Expedition to the End of the World Seeks What's Left Once the Ice Is Gone

Here's how generous Daniel Dencik's doc Expedition to the End of the World gets with its harsh beauty. Deep in the film, its party of Danish scientists and artists surveys, from their three-masted schooner, a shimmering iceberg shaped, sized, and luminously scalloped like a Frank Gehry opera house. We see it bob there, in the blue, before the humped brown fjords of northeastern Greenland, cliffs rarely glimpsed by human eyes and only seen here, thanks to the summertime melting of ice that used to remain solid.

As soon as that thought registers, the opera house collapses in on itself, a vision of destruction more glorious and terrifying than in any of this summer's blockbusters. And a moment after that, one of those Danes points out a rainbow straddling the bay, one leg on each shore, this vision an actual visiona trick of light and water but welcome nonetheless. Even Danish scientists can't resist talking about God's promise not to flood us again—and who can imagine a more atheistic crowd than that?

If marveling at the world—and its collapse—sounds appealing to you, hustle up a ticket. Dencik's film follows the adventure but never forces much of a narrative upon it. Instead, it is content to show us the wonders that climate change is laying bare. It also shows us those Danes wondering right along with us, often offering to one another or the camera the kinds of thoughts stirred by isolation in nature. “It's never happened before that one species has caused mass extinctions,” one observes. Another takes the shit-happens approach to global warming, arguing that humans have always evolved around catastrophes—that one day Danes overrun by seawater in Copenhagen will adapt, evolve, and move to the Alps.
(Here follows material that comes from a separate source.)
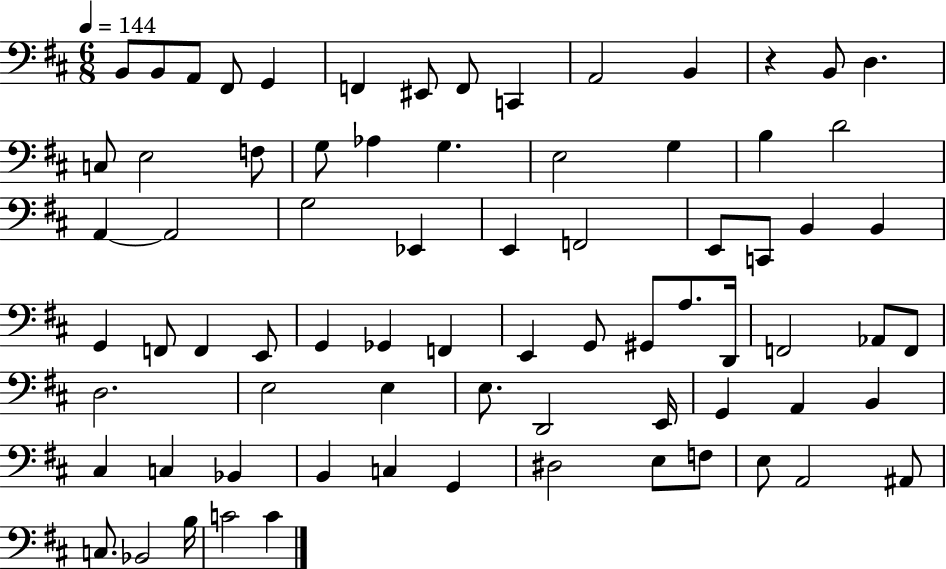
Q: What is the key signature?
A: D major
There are many moments of silent majesty—we glide along ivory expanse of a glacier, its fissures for some reason a 2000 Flushes–blue—and also edifying scenes of scientists at work. They trawl the depths for samples, eager to find new species of fish and microbe. They pick over beaches for rock formations suggestive of Stone Age architecture. They drill through hummocks of scrub grass to sound the depth to the permafrost. What they find is dispiriting, but the search is a thrill: The filmmakers put a camera on the drill, so that at first our perspective spins, and then, when a scientist seizes the bit, the world itself whips around.

That's one of several hints that this film, with its steady beauty and free-floating philosophizing, might have been put together with the head shop in mind, but you don't need to be high to sit rapt before it. (Another clue: the way a shot of tiny scientists loomed over by mountains cuts to one of red bugs skittering on stones, the proportions the same.) The photography is never fussy, never juiced by filters or magic-hour perfectionism—what you see is probably close to what you would if you somehow managed to go there.
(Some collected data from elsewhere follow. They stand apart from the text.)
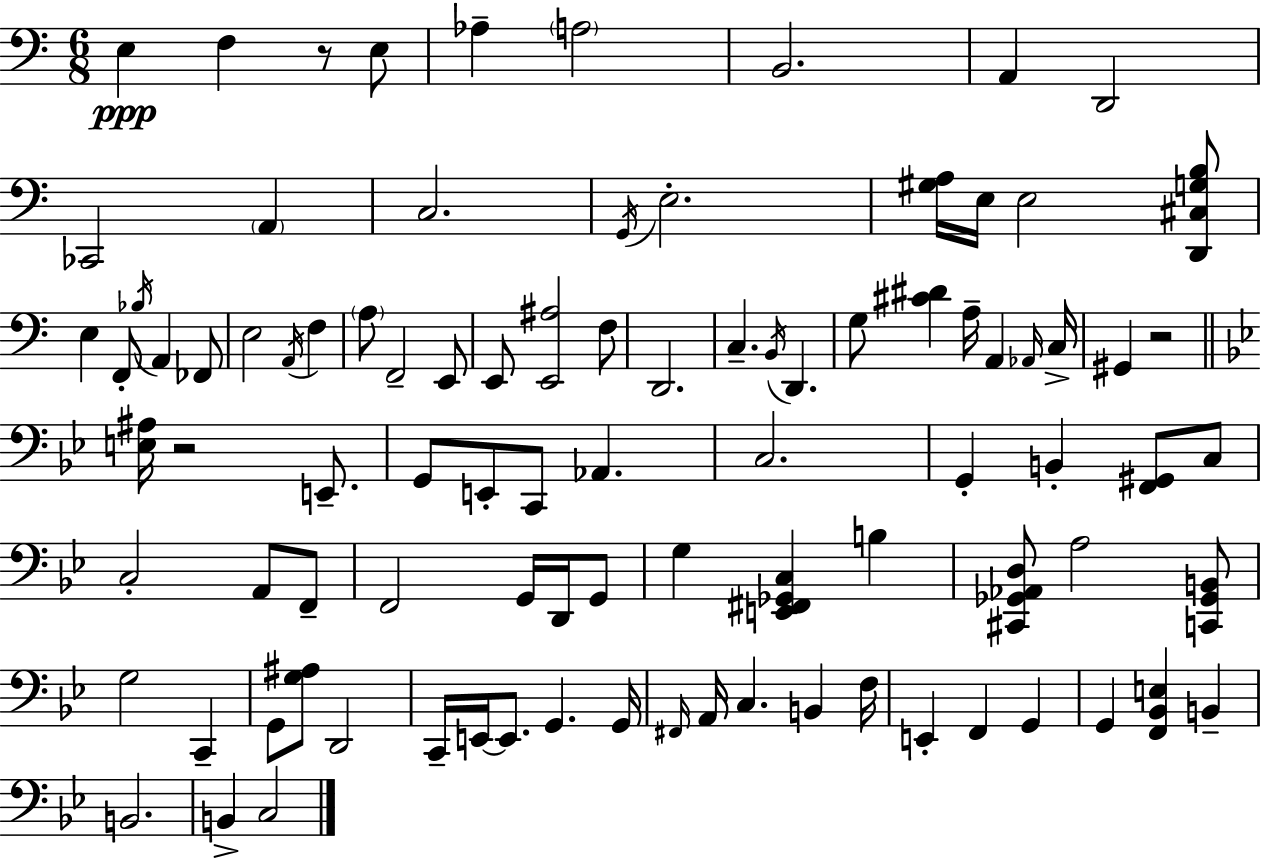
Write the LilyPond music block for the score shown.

{
  \clef bass
  \numericTimeSignature
  \time 6/8
  \key c \major
  e4\ppp f4 r8 e8 | aes4-- \parenthesize a2 | b,2. | a,4 d,2 | \break ces,2 \parenthesize a,4 | c2. | \acciaccatura { g,16 } e2.-. | <gis a>16 e16 e2 <d, cis g b>8 | \break e4 f,8-. \acciaccatura { bes16 } a,4 | fes,8 e2 \acciaccatura { a,16 } f4 | \parenthesize a8 f,2-- | e,8 e,8 <e, ais>2 | \break f8 d,2. | c4.-- \acciaccatura { b,16 } d,4. | g8 <cis' dis'>4 a16-- a,4 | \grace { aes,16 } c16-> gis,4 r2 | \break \bar "||" \break \key bes \major <e ais>16 r2 e,8.-- | g,8 e,8-. c,8 aes,4. | c2. | g,4-. b,4-. <f, gis,>8 c8 | \break c2-. a,8 f,8-- | f,2 g,16 d,16 g,8 | g4 <e, fis, ges, c>4 b4 | <cis, ges, aes, d>8 a2 <c, ges, b,>8 | \break g2 c,4-- | g,8 <g ais>8 d,2 | c,16-- e,16~~ e,8. g,4. g,16 | \grace { fis,16 } a,16 c4. b,4 | \break f16 e,4-. f,4 g,4 | g,4 <f, bes, e>4 b,4-- | b,2. | b,4-> c2 | \break \bar "|."
}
Going there is dangerous, of course. The final reels introduce some drama. First, some trouble with a polar bear bashing into one of the few signs that people have ever come to these shores: a tiny shack stocked with snack foods. (The scientists know to avoid polar bears; the artists lark after them.)
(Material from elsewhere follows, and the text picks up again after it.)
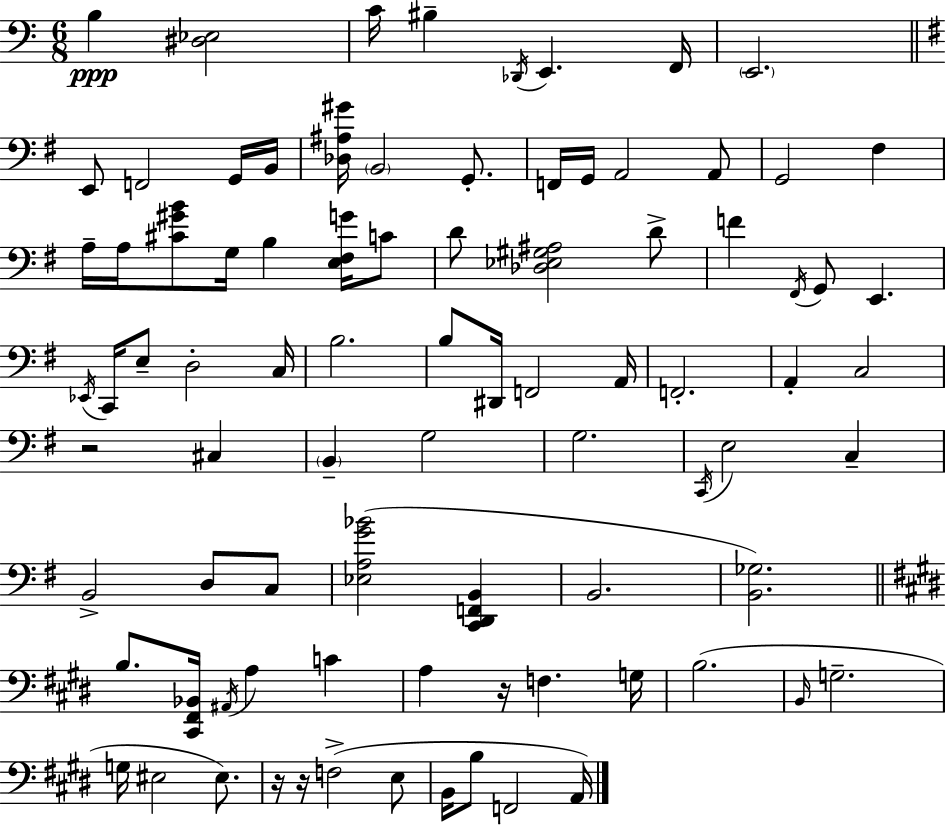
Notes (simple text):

Worse, the seaways that far north only unfreeze for a couple weeks each year, and getting out means much ice must be shoved through. While the ship's crew worries about this, and the documentarians show us head-on iceberg-smashing from an underwater camera, the scientists and artists argue over a sketch one has made of the meaning of life. It involves a triangle. Another one, meanwhile, wails on a banjo. Dencik's gorgeous, surprising, meditative film opens up one of the world's last unknown places, and it will also make you want to befriend every Dane you can.